Work to complete: Copy the line with "2019 height increasing" and all lines following it through the last line of the entries, exactly as written.

Records from a dataset:
○ ○ ○ ○

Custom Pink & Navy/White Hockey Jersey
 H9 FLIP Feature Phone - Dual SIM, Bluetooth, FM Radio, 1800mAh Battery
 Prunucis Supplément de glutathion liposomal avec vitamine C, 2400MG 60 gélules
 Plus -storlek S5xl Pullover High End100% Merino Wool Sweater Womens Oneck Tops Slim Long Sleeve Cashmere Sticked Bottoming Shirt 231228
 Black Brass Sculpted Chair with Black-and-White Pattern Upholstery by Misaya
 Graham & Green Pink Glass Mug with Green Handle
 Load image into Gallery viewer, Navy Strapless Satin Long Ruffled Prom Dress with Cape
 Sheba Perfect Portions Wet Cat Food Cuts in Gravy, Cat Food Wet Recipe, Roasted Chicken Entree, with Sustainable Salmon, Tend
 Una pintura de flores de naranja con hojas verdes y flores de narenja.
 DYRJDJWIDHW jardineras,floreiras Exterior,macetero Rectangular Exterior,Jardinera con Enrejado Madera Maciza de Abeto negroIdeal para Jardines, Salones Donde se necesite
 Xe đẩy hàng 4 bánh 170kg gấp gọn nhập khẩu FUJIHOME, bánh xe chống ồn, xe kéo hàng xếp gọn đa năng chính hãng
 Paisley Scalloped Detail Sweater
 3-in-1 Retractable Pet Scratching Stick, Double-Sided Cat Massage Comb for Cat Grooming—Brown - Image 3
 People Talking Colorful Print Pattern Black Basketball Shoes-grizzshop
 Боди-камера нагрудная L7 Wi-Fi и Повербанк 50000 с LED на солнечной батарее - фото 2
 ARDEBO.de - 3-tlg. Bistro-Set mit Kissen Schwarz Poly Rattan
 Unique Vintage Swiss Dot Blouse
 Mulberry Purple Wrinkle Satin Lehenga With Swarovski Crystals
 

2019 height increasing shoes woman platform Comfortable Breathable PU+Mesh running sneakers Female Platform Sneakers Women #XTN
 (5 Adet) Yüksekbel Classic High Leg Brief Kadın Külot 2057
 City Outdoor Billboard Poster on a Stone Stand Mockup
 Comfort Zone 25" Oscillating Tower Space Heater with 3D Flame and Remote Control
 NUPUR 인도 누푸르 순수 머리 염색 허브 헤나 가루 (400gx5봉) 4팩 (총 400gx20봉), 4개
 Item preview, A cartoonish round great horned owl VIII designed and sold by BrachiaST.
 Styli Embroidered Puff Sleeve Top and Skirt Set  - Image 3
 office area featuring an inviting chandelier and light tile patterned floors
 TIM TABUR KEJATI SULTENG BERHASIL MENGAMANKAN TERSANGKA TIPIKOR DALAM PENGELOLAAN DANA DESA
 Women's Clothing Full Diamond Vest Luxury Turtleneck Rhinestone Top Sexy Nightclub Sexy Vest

○ ○ ○ ○

Result for this exercise:
2019 height increasing shoes woman platform Comfortable Breathable PU+Mesh running sneakers Female Platform Sneakers Women #XTN
 (5 Adet) Yüksekbel Classic High Leg Brief Kadın Külot 2057
 City Outdoor Billboard Poster on a Stone Stand Mockup
 Comfort Zone 25" Oscillating Tower Space Heater with 3D Flame and Remote Control
 NUPUR 인도 누푸르 순수 머리 염색 허브 헤나 가루 (400gx5봉) 4팩 (총 400gx20봉), 4개
 Item preview, A cartoonish round great horned owl VIII designed and sold by BrachiaST.
 Styli Embroidered Puff Sleeve Top and Skirt Set  - Image 3
 office area featuring an inviting chandelier and light tile patterned floors
 TIM TABUR KEJATI SULTENG BERHASIL MENGAMANKAN TERSANGKA TIPIKOR DALAM PENGELOLAAN DANA DESA
 Women's Clothing Full Diamond Vest Luxury Turtleneck Rhinestone Top Sexy Nightclub Sexy Vest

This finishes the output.